◆ WHAT IS BEING ASKED ◆
Pictures aside, quote the whole listing exactly.

◆ INPUT DATA ◆
Content starts
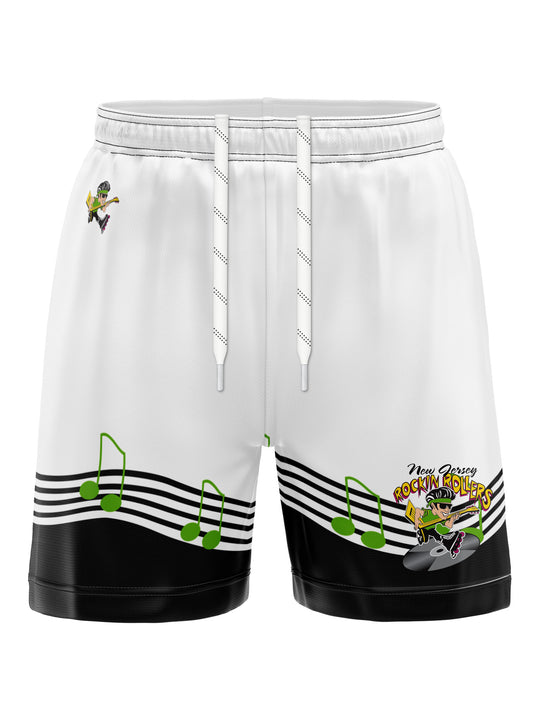 Bench Clearers New Jersey Rockin' Rollers Away Hockey Shorts - 3D FRONT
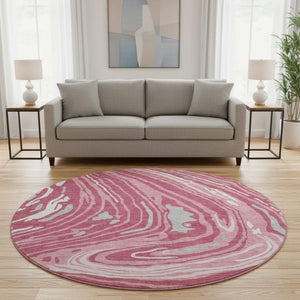 HomeRoots 8' Blush Gray and Ivory Abstract Washable Round Rug – UV-Protected, Durable, Stylish for Any Room 682406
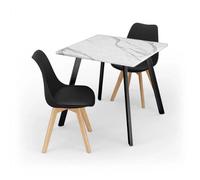 Urbn-Living Urbnliving 80Cm Modern Dining Table & 2 Tulip Dining Chairs White Marble Table & Black Chair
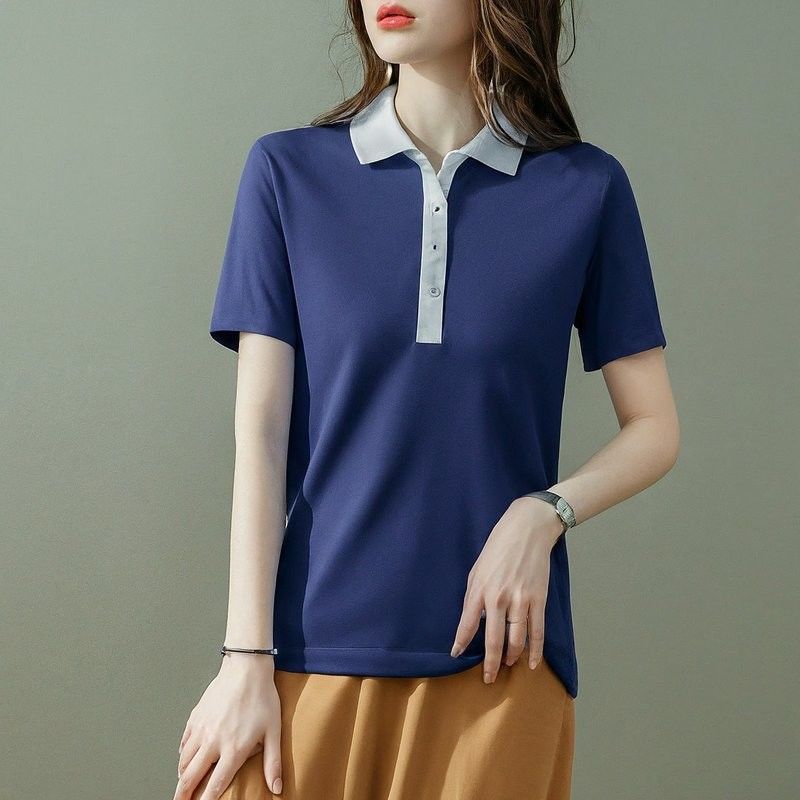 Mùa hè bông áo polo nữ màu sắc tùy chỉnh màu xanh trắng thêu bông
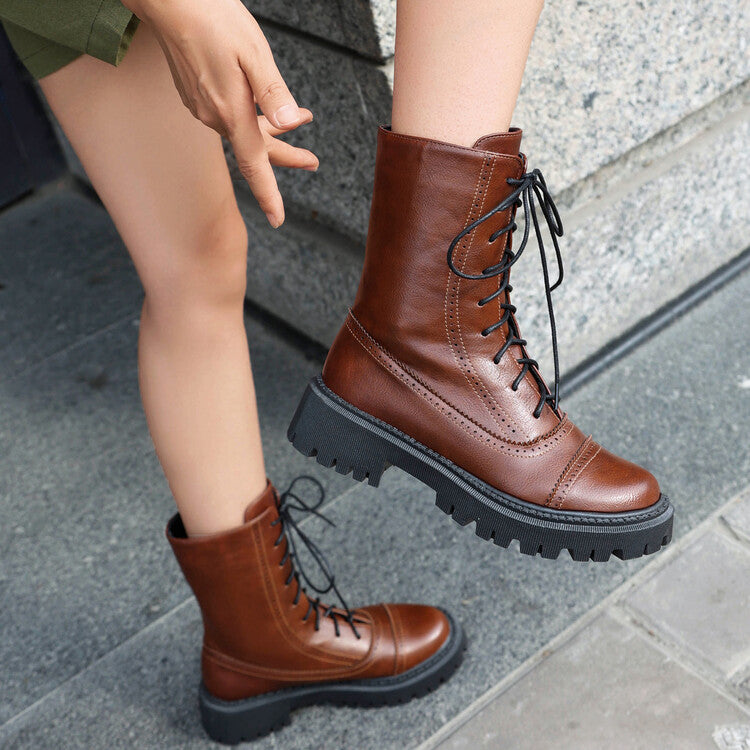 Women's Lace-Up Round Toe Flat Platform Short Boots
Content ends
◆ COMPLETED TASK ◆
 Bench Clearers New Jersey Rockin' Rollers Away Hockey Shorts - 3D FRONT
 HomeRoots 8' Blush Gray and Ivory Abstract Washable Round Rug – UV-Protected, Durable, Stylish for Any Room 682406
 Urbn-Living Urbnliving 80Cm Modern Dining Table & 2 Tulip Dining Chairs White Marble Table & Black Chair
 Mùa hè bông áo polo nữ màu sắc tùy chỉnh màu xanh trắng thêu bông
 Women's Lace-Up Round Toe Flat Platform Short Boots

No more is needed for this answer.